• **WORK INSTRUCTION**: Copy the material below verbatim from the line with "Santa Marina, A" to the line with "Kaiyuan Mingting Hotel", both lines included, omitting pictures and every line outside that range.

• **INPUT MATERIAL**:
»»
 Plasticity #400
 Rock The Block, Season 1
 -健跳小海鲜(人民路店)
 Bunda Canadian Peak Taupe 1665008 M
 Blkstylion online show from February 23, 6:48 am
««
»»
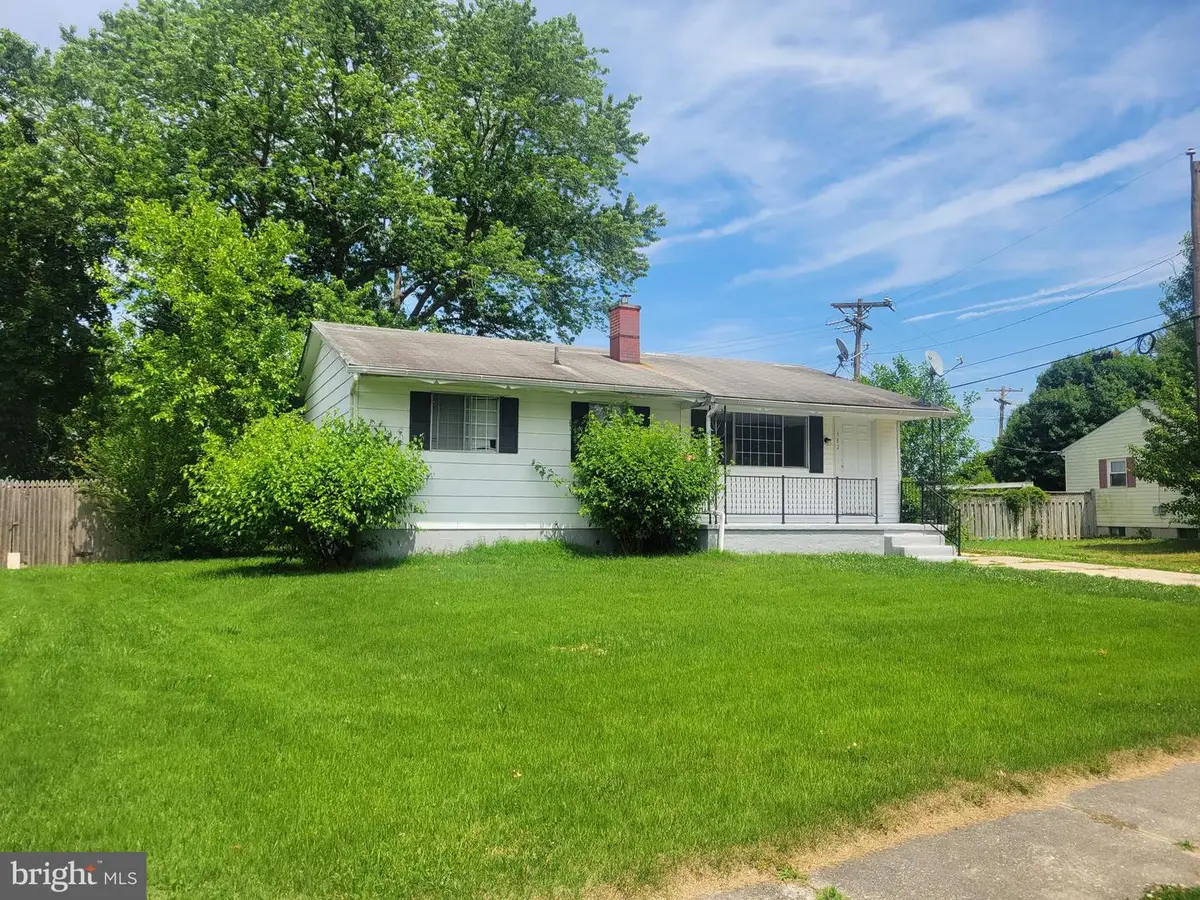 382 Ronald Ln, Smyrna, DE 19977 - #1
««
»»
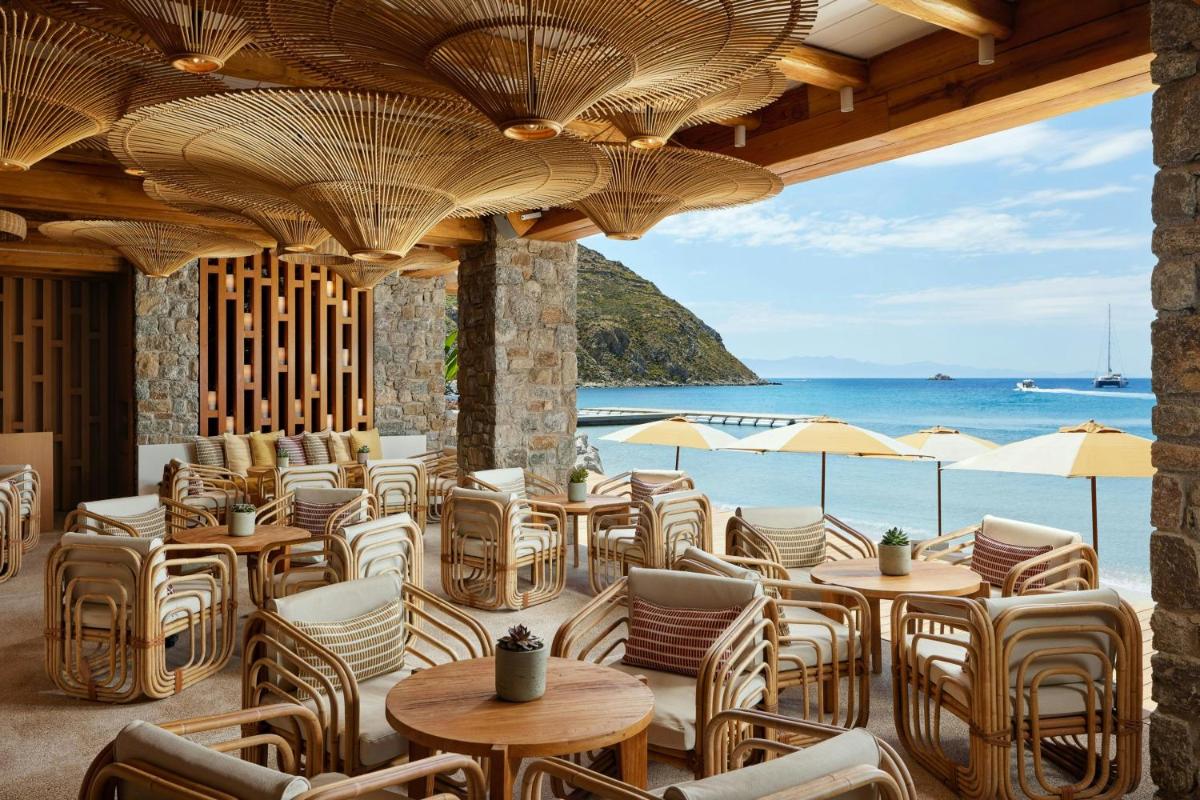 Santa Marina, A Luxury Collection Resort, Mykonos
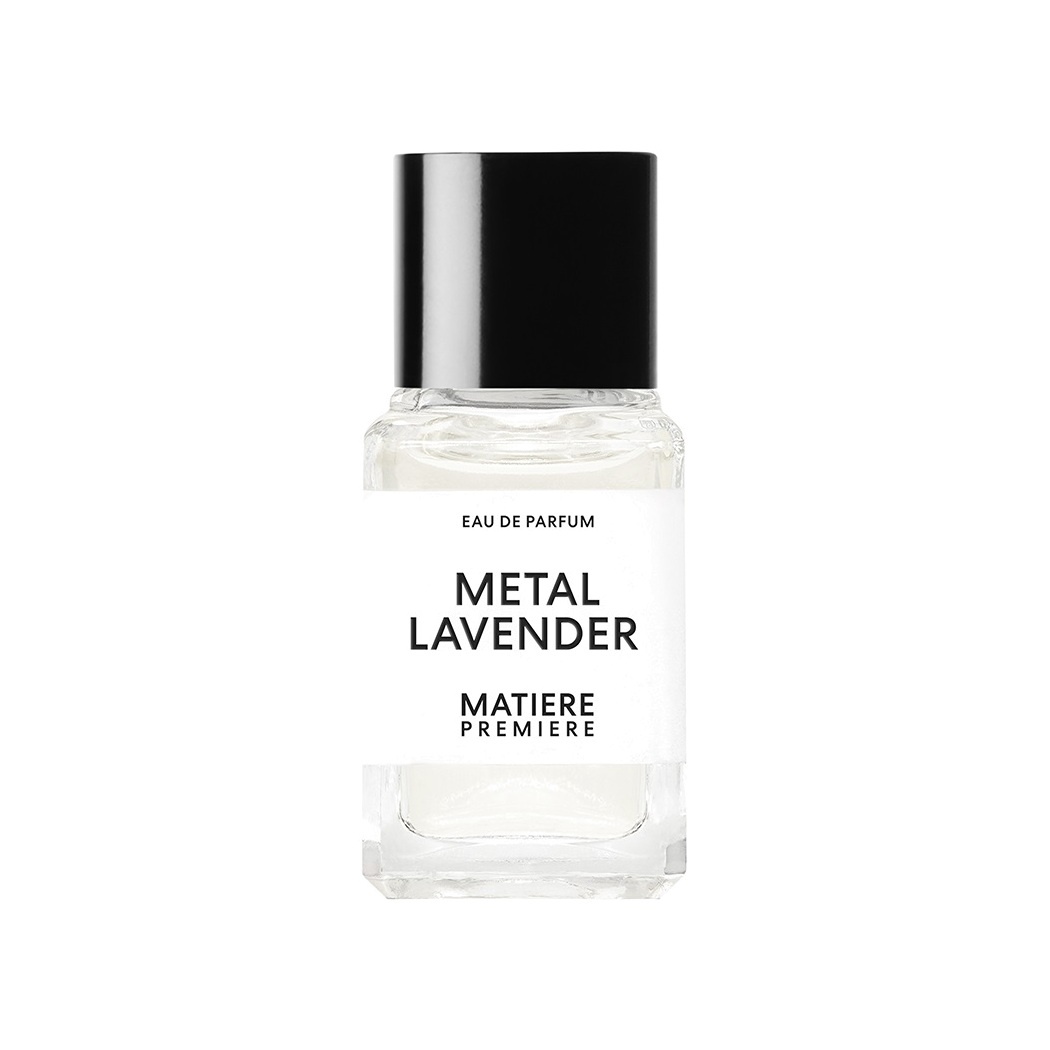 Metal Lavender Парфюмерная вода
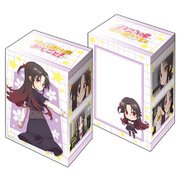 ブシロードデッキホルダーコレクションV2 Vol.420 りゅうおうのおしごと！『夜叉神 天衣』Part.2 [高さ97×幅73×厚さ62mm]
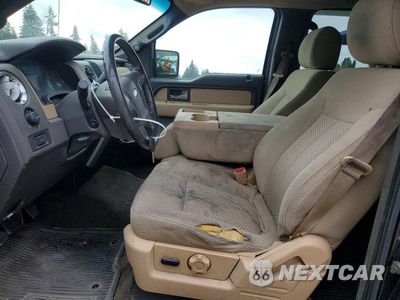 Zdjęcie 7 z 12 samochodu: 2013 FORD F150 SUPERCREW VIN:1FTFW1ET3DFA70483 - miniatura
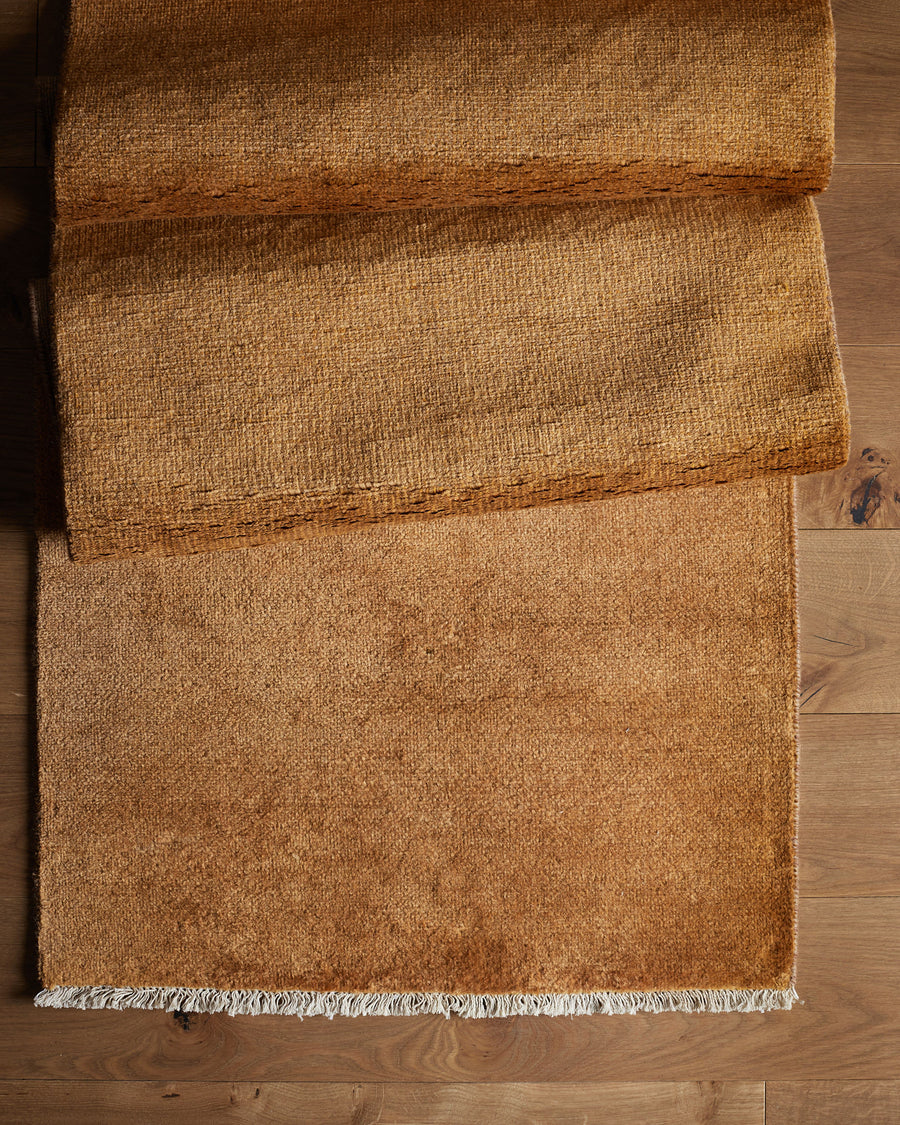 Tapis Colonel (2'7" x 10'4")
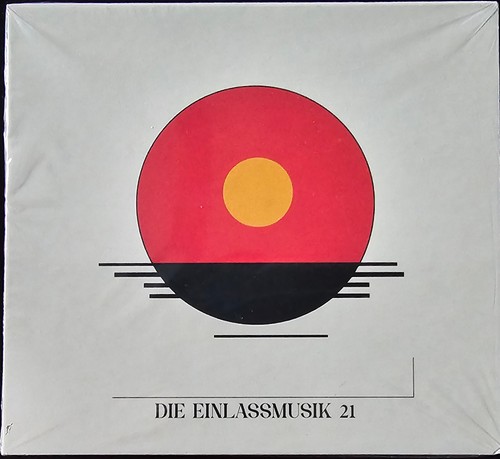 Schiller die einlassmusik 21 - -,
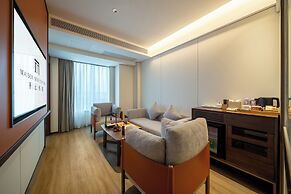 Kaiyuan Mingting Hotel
««
• **WORKED SOLUTION**:
 Santa Marina, A Luxury Collection Resort, Mykonos
 Metal Lavender Парфюмерная вода
 ブシロードデッキホルダーコレクションV2 Vol.420 りゅうおうのおしごと！『夜叉神 天衣』Part.2 [高さ97×幅73×厚さ62mm]
 Zdjęcie 7 z 12 samochodu: 2013 FORD F150 SUPERCREW VIN:1FTFW1ET3DFA70483 - miniatura
 Tapis Colonel (2'7" x 10'4")
 Schiller die einlassmusik 21 - -,
 Kaiyuan Mingting Hotel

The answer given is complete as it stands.